The multi-speed global economy is maintaining a disparate growth performance, a point that has shown up in the run of purchasing manager index and other survey data over the last 24 hours.
In the US, the Institute of Supply Managers index for the services sector fell to 54.4 points in March from 56.0 in February, falling below the market consensus estimate. This was enough, at least in the short term, to temper some of the optimism surrounding the recent run of favourable economic news that has been evident in the US in recent months. Despite the dip in this often volatile indicator, the ISM remains at a level that is consistent with a strong expansion in the world’s largest economy and there is still plenty of evidence in housing and consumer demand to suggest the US economy will growth by more than 3 per cent in 2013.
In Japan, the news was particularly encouraging. The composite PMI, which takes account of both manufacturing and the services sector, jumped to 53.2 points in March from 50.2 in February to overwhelm expectations for a rise to 51.1 points.
This better economic news, plus expectations that the recently refurbished Bank of Japan management will strive to meet its objective of delivering inflation of 2 per cent, saw the Nikkei stock index jump a hefty 3 per cent. There is an expectation in financial markets, driven by the policy agenda of Prime Minister Shinzo Abe, that the BoJ will deliver open-ended bond purchases to flood the economy with cash and liquidity. The expectation, or hope, is that some of this excess liquidity will find its way into the real economy, boosting asset prices and with it consumer prices. Certainly the recent trends in the Nikkei suggest some success in this strategy.
The Japanese government bond market has reacted to the promise of almost unlimited cash flows from the BoJ by driving yields to the lowest level in a decade and they are not far from all-time lows. It is extraordinary that 10-year government bonds are yielding 0.56 per cent while the 5-year yield is 0.13 per cent. But this is the market giving the promised BoJ action to flood the economy with cash some credibility.
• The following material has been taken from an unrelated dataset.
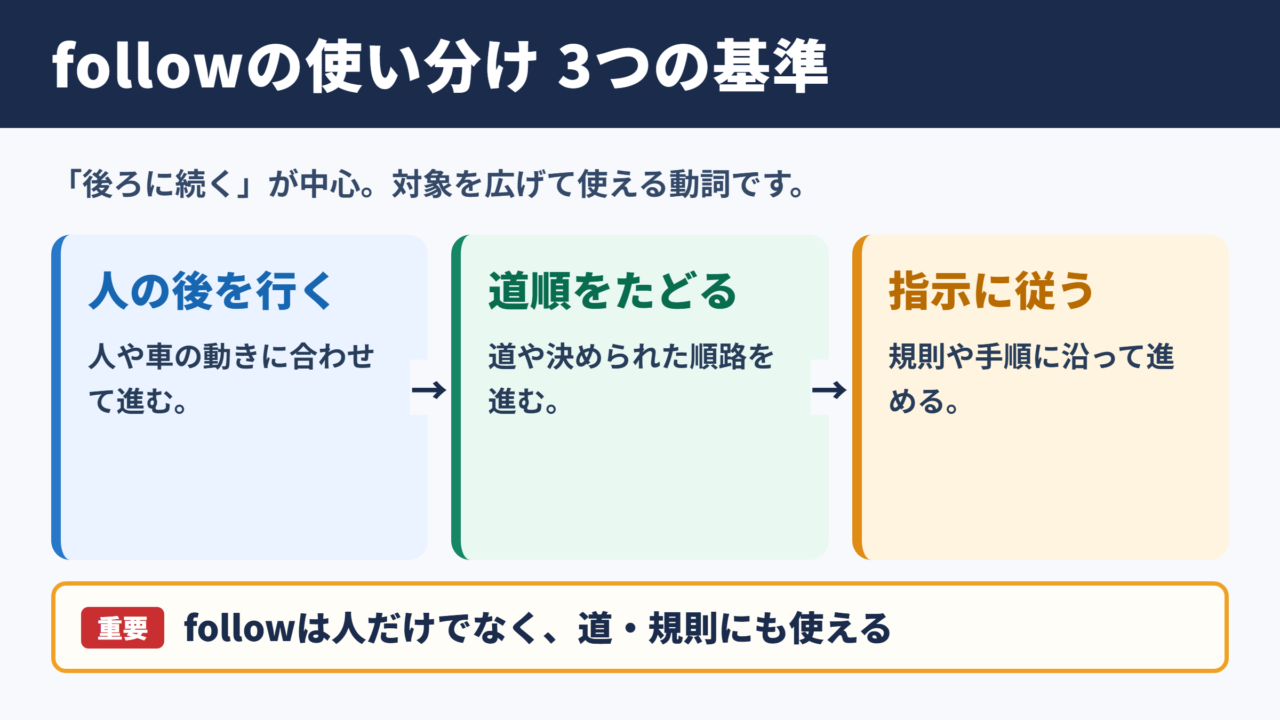 followの意味と使い分け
The HSBC services PMI in China also rose solidly, to 54.3 points in March from 52.1 points in February to be at a fresh six-month high. An economist with HSBC, Qu Hongbin, said the PMI result confirmed that “a broad-based gradual growth recovery is on its way” implying that the consensus forecasts for GDP growth above 8 per cent for 2013 remain on the cards. Earlier this week, the official manufacturing PMI for China rose to an 11-month high of 50.9 points to support the more upbeat view on China.
The main disappointment of the 'big three' in Asia was for India, which is clearly struggling with a tight monetary policy, fiscal problems and a troublesome current account position. The HSBC composite PMI for India fell to 51.4 points in March, a sharp decline from a reading of 54.8 in February. While the Indian Sensex stock index is still well above the levels of a year ago, it has fallen by around 7 per cent since late January reflecting the ongoing concerns about the growth and policy outlook.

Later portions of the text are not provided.